La bourse ou la vie

 

 

Je viens de lire dans le Monde du 20 Mai 2005 un article de Jean de Kervasdoué, professeur d'économie et de gestion des services de santé au CNAM, qui m'a énormément fait plaisir. Enfin, un économiste "sérieux" se pose la question de ce qu'on mesure, et comment, en économie. Depuis Adam Smith, il ne fait guère question que l'économie traite des "richesses", de leur croissance et de leur distribution, se posant tantôt la question d'optimiser la croissance, tantôt celle de rendre la distribution plus juste. Rares sont les économistes qui mettent en question la morale utilitariste sous-jacente de cette façon de voir.

 

Jean de Kervasdoué n'est pas le premier à le faire, mais il le fait en outre de façon à la fois simple et profonde.
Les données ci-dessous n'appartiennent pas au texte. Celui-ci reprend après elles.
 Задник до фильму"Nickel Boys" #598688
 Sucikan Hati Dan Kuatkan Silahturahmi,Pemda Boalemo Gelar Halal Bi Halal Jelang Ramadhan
Simple parce qu'il vise à remplacer l'indicateur fétiche du PIB (Produit intérieur brut) par celui de l'espérance de vie, et profonde, parce que ce remplacement va effectivement au cœur du problème du point de vue de la technique économique ("ce critère se calcule facilement et se décline aisément selon le sexe, l'âge, le milieu social, les différents territoires d'un pays, ce qui n'est pas le cas du PIB, dont les estimations sont longues, onéreuses et fastidieuses"), et aussi du point de vue logique : "l'espérance de vie mesure la condition essentielle d'une éventuelle jouissance des biens terrestres" et, j'ajouterai, de la capacité de travailler, condition elle aussi de la production des richesses tant valorisées.

 

La valeur travail, la valeur vie sont toutes les deux en vedette dans les discours actuels des dirigeants de la planète, mais tous adorent le veau d'or et ne jurent que par la croissance et la "richesse", sans savoir ce qu'il faut entendre par ce mot.